Copy the listing exactly, leaving out every picture.

------ The data ------

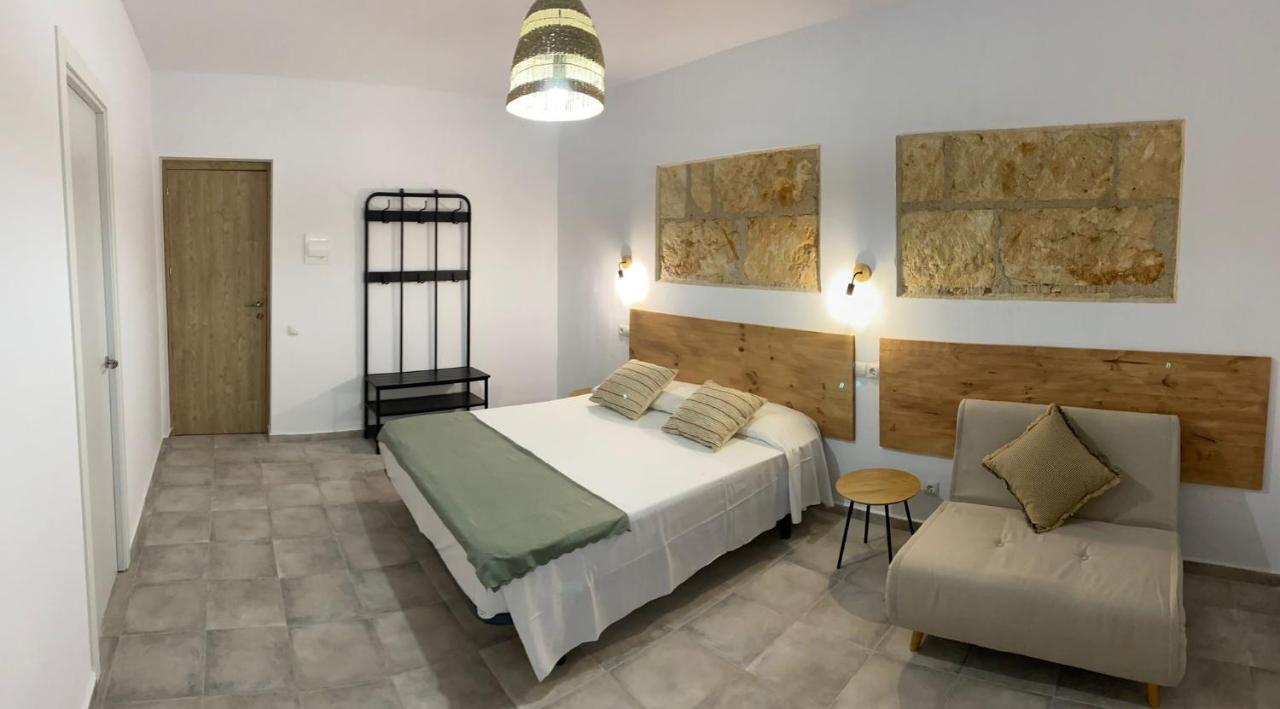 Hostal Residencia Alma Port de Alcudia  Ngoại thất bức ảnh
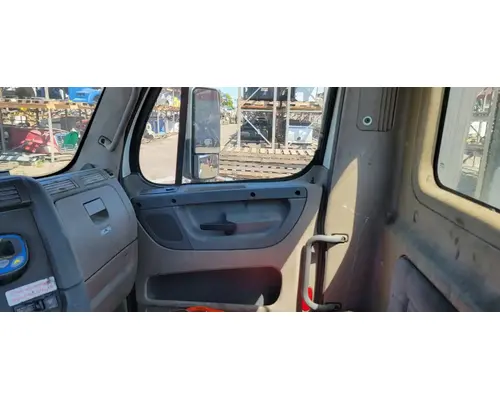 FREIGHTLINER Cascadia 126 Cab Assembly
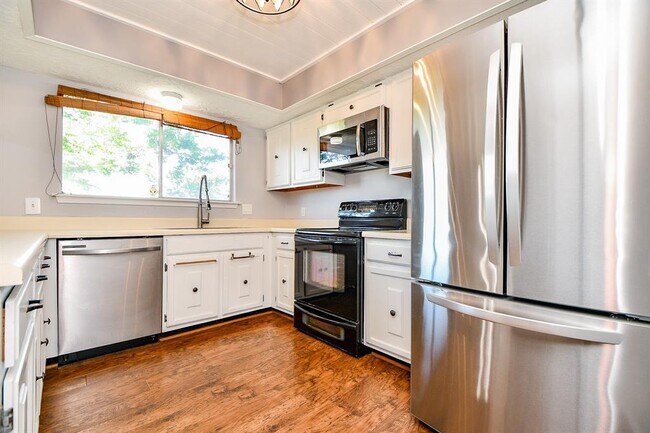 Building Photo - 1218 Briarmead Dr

------

- [Response to the exercise]
 Hostal Residencia Alma Port de Alcudia  Ngoại thất bức ảnh
 FREIGHTLINER Cascadia 126 Cab Assembly
 Building Photo - 1218 Briarmead Dr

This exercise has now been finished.